Captioned web images:
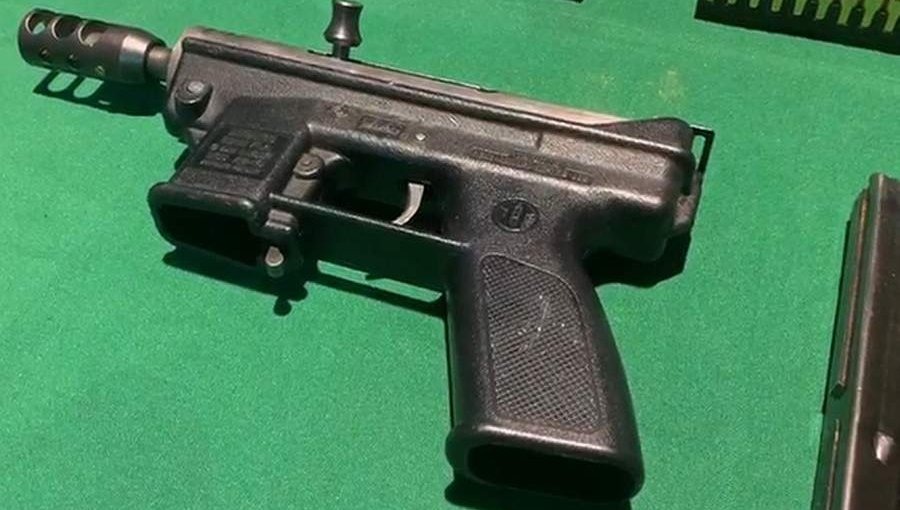 Prisión preventiva para sujeto sorprendido con subametralladora durante toque de queda en Lo Prado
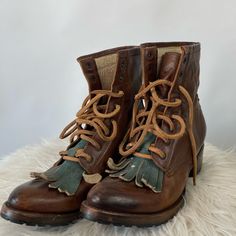 Green Tassel Brown Leather Boots Druid Shoes, Farmer Boots, Band Aesthetic, Brown Leather Boots, Art Tips, Character Outfits, Scarecrow, Brown Boots, Victorian Fashion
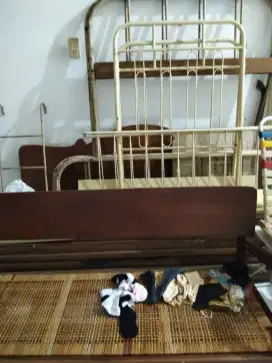 Dijual tempat tidur second (Kondisi bagus)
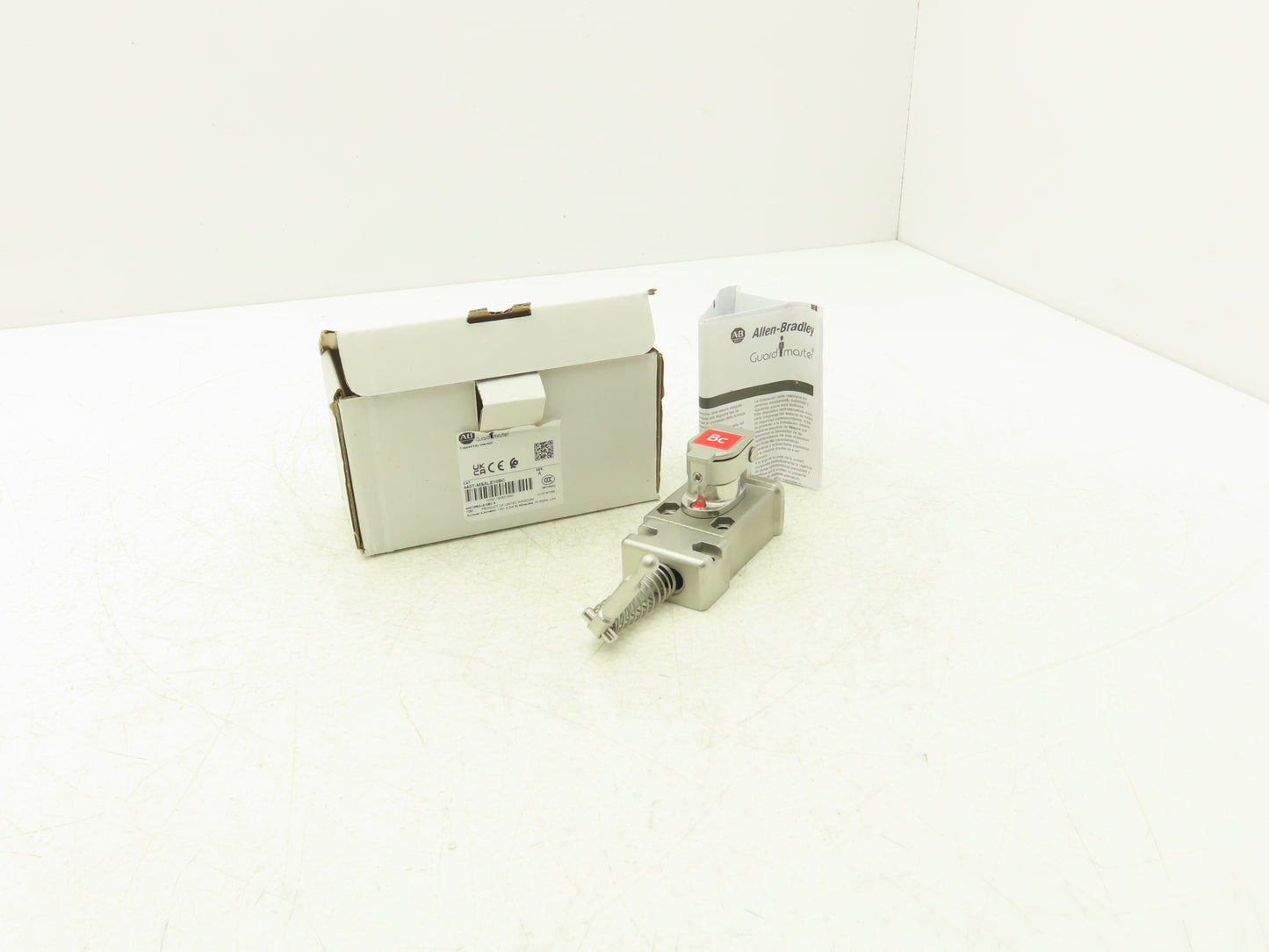Allen Bradley 440T-MSALE10BC Guardmaster Trapped Key Interlock Switch No Key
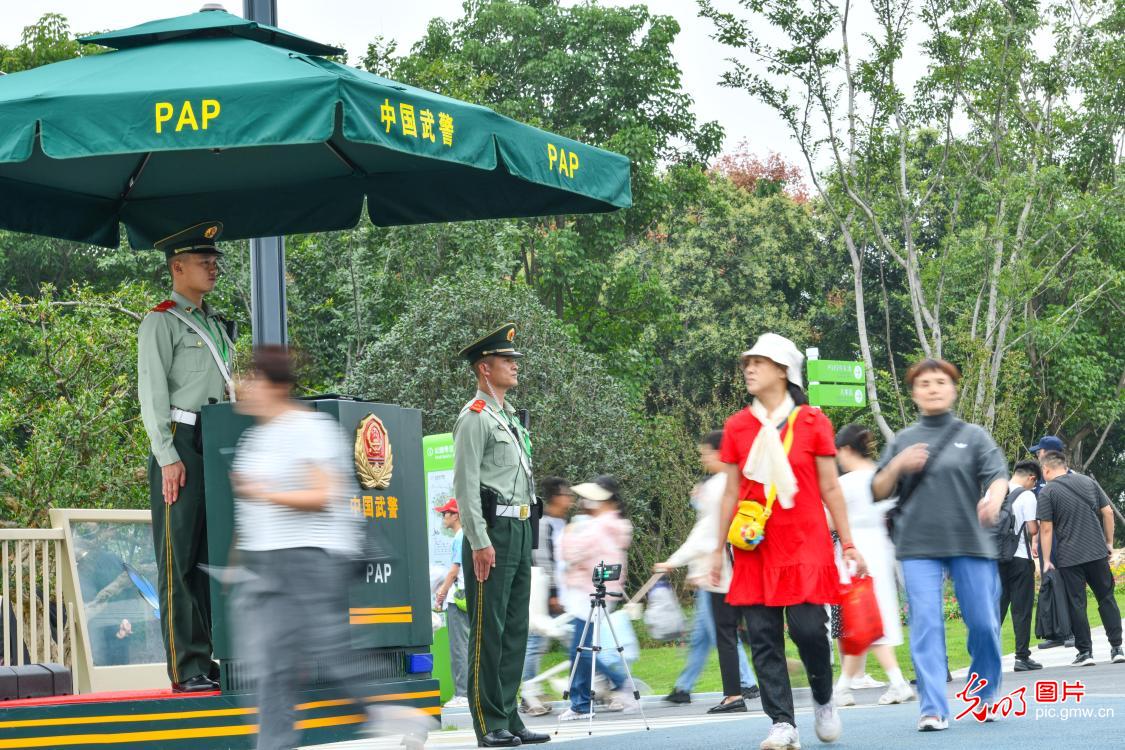 坚守岗位 共度中秋
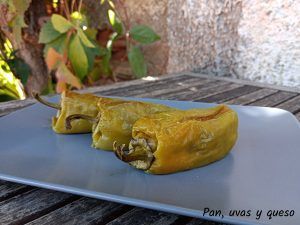 pimientos rellenos carne - pan uvas y queso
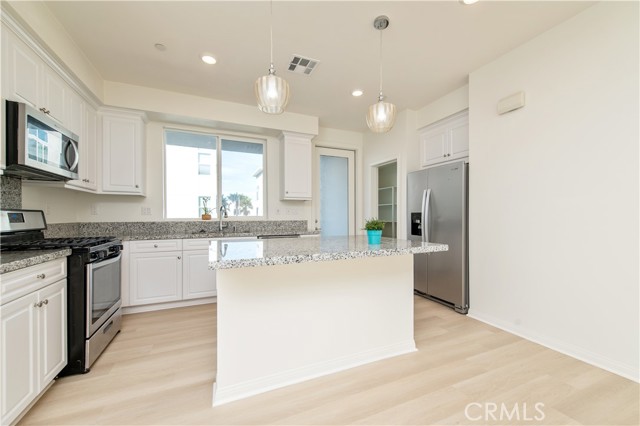 MLS #OC25263525 image #8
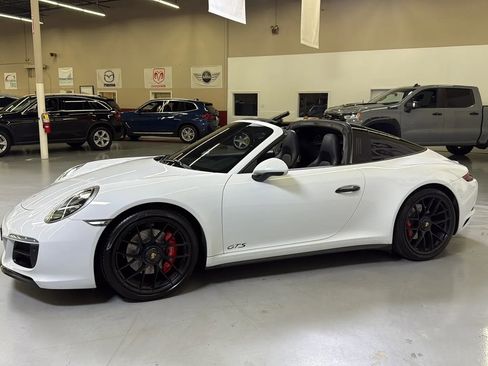 Used 2019 Porsche 911 Targa 4 GTS image 11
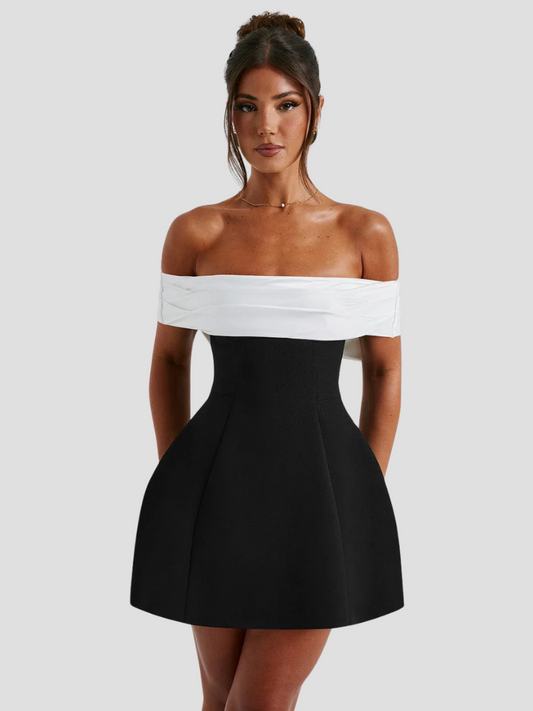 Anouk zwart-witte off-shoulder mini jurk met strikdetail – vooraanzicht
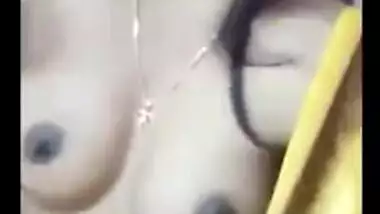 Teen Desi strips down in this MMS video cause it's her XXX fantasy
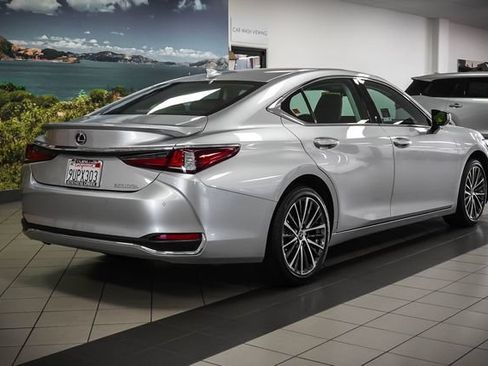 Used 2025 Lexus ES 300h w/ Premium Package FWD image 6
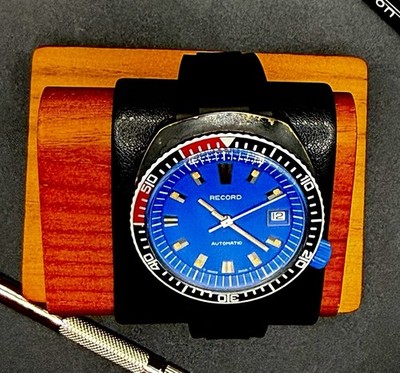 Vintage Record - Longines Automatic Diver Blue Dial Black Case
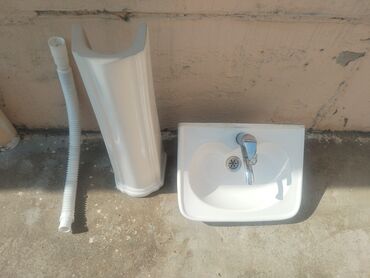 Hamam üçün aksessuarlar: Ayaqlı və qarışıq kranlı ağ rəngli keramika lavabo. Az işlənib çatı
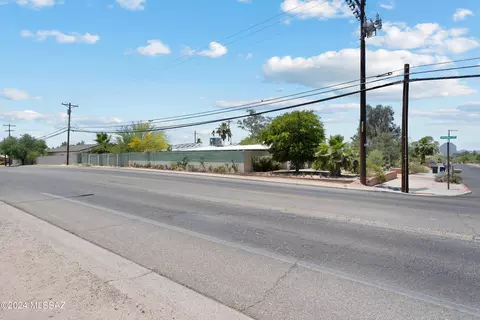 4252 E Holmes St, Tucson, AZ 85711 photo 30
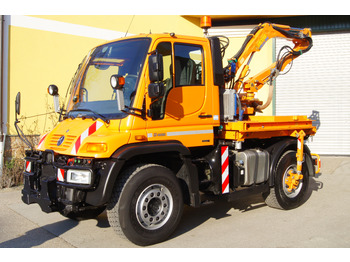 Vehículo municipal MERCEDES-BENZ Unimog U 400/Hydrostat/Mähtür +MULAG MHU 800: foto 2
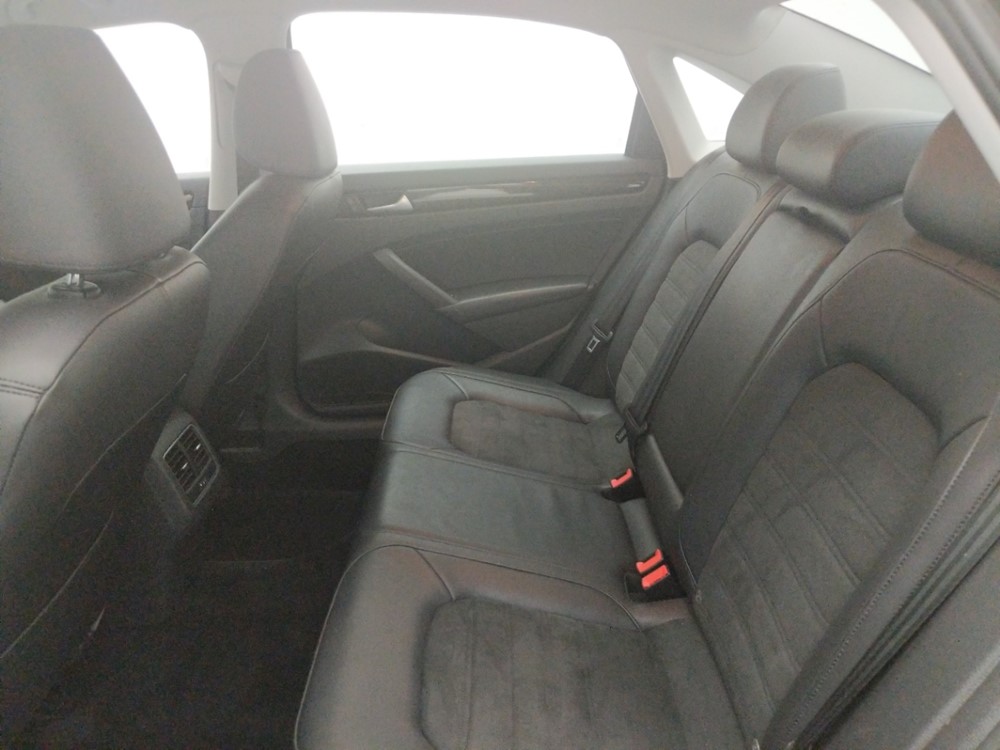 2015 Volkswagen Passat - Driver Rear Seat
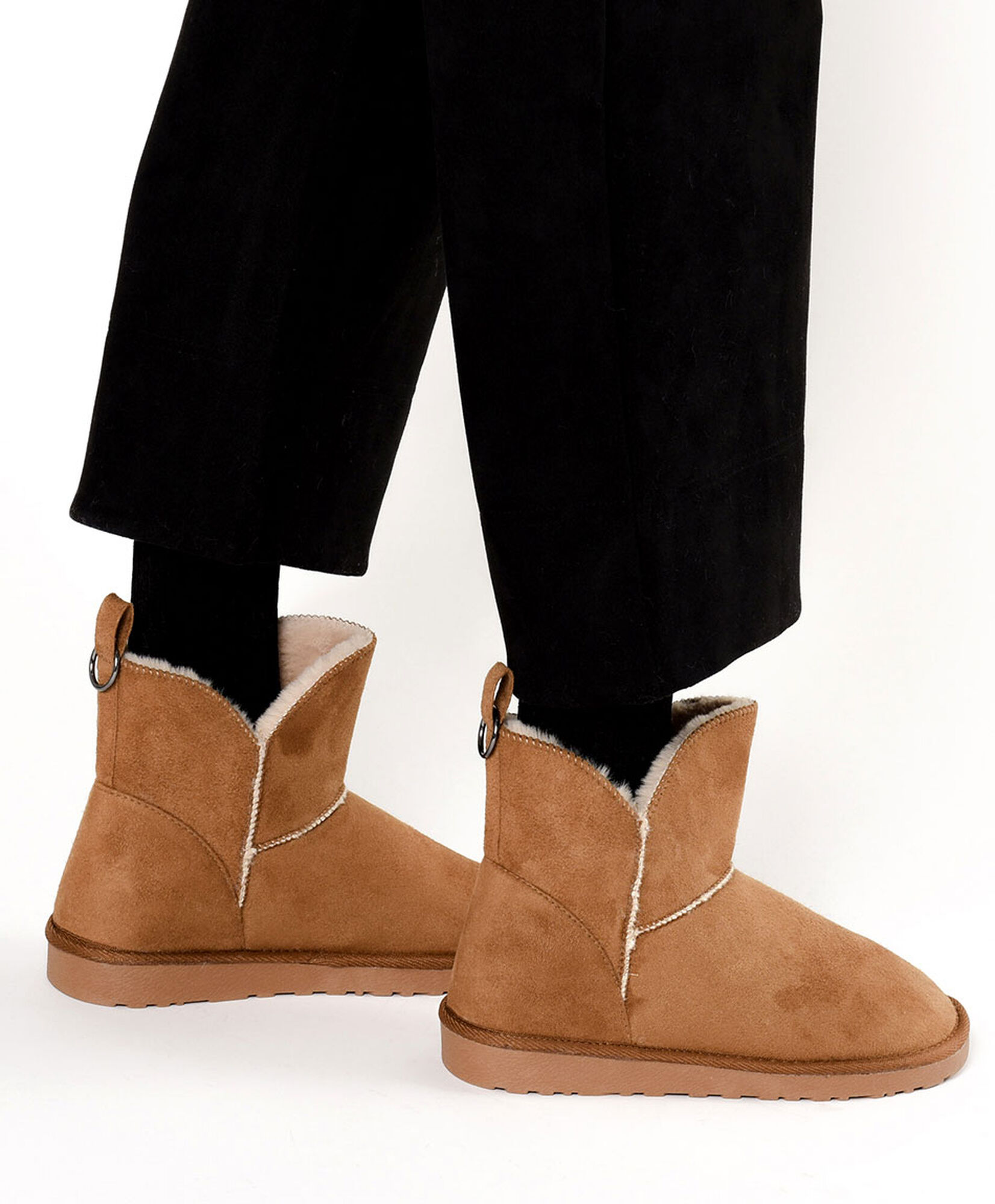 Bota mujer comfy clásica Bota mujer comfy clásica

**The task:** Nothing but the lines from the line containing "pimientos rellenos carne - pan uvas y queso" to the end of the records above should be repeated, exactly and with every picture omitted.

**Solution to this problem:**
 pimientos rellenos carne - pan uvas y queso
 MLS #OC25263525 image #8
 Used 2019 Porsche 911 Targa 4 GTS image 11
 Anouk zwart-witte off-shoulder mini jurk met strikdetail – vooraanzicht
 Teen Desi strips down in this MMS video cause it's her XXX fantasy
 Used 2025 Lexus ES 300h w/ Premium Package FWD image 6
 Vintage Record - Longines Automatic Diver Blue Dial Black Case
 Hamam üçün aksessuarlar: Ayaqlı və qarışıq kranlı ağ rəngli keramika lavabo. Az işlənib çatı
 4252 E Holmes St, Tucson, AZ 85711 photo 30
 Vehículo municipal MERCEDES-BENZ Unimog U 400/Hydrostat/Mähtür +MULAG MHU 800: foto 2
 2015 Volkswagen Passat - Driver Rear Seat
 Bota mujer comfy clásica Bota mujer comfy clásica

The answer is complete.